The Vietnam Association of Foreign-Invested Enterprises (VAFIE) released its annual report on foreign investment in Vietnam last year at a meeting in Hanoi on May 10.
The report is made in cooperation with KPMG Vietnam with the support of the Foreign Investment Department under the Ministry of Planning and Investment and a number of experts, the Vietnam News Agency reported.
Foreign investment is the highlight in Vietnam’s economic picture amid the negative impacts of the COVID-19 pandemic on the national and global economy.
However, the remaining problems in the process of attracting and using FDI capital such as the small number of high-tech projects from the US and Europe. In addition, the contribution to the State budget of many FDI enterprises is not commensurate with the investment scale and incentives they enjoy. The structure of FDI by region and province is still not balanced and too few enterprises have established research and development (R&D) centers.
In 2019, the Vietnamese Politburo issued Resolution No. 50-NQ/TW on orientations to strengthening institutions and policies to improve the quality and efficiency of foreign investment by 2030, VAFIE recognized the need to have a report on FDI into the country, that’s why the report published.

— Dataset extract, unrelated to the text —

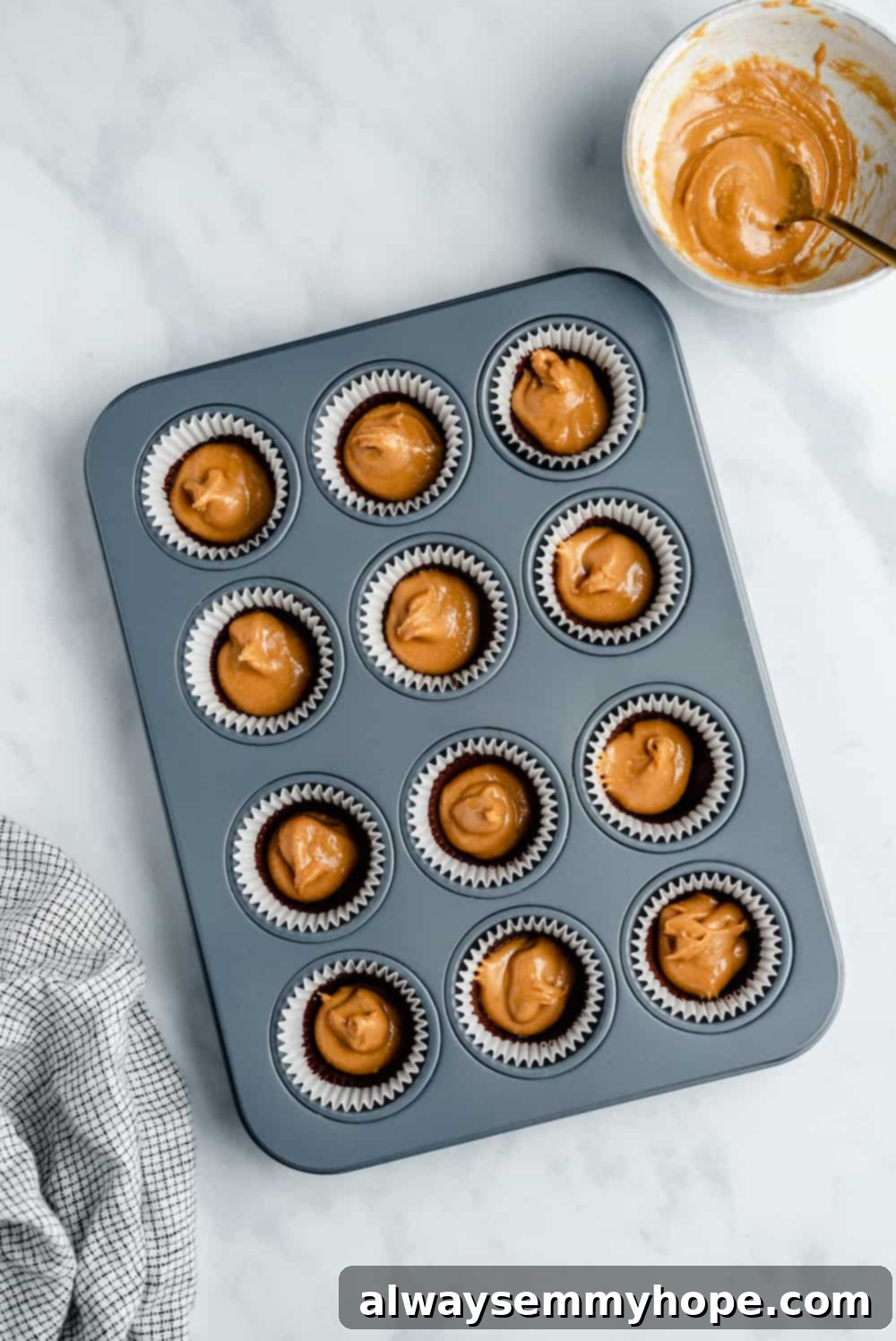 Melted chocolate base and dollops of peanut butter filling layered in mini muffin liners within a muffin tin, mid-assembly.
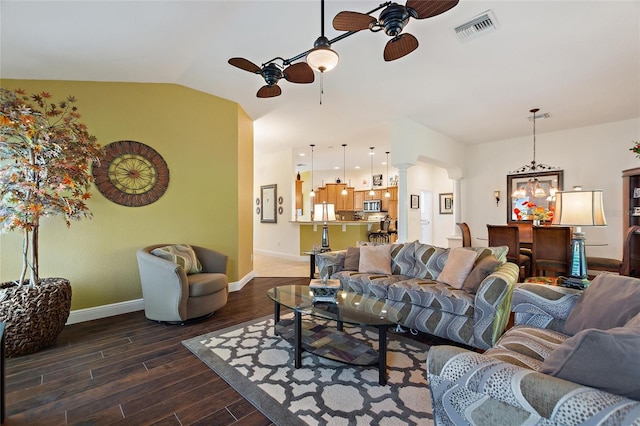 1258 Donalds Pl, The Villages, FL 32162 - living room featuring ceiling fan, dark wood-style flooring, ornate columns, and baseboards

Since the National Assembly approved the Law on Foreign Investment in Vietnam in 1987, the FDI sector has continuously developed, making an important contribution to the country’s economic growth and innovation, growth model in the direction of industrialization, modernization, and promoting international economic integration of Vietnam enhance the country position in the world.
The FDI sector currently accounts for about 25% of total social investment, 55% of the total value of industrial production in Vietnam and more than 70% of the country’s export turnover.
It has directly created jobs for 4.6 million people or more than 7% of the country’s workforce and indirectly created jobs for millions.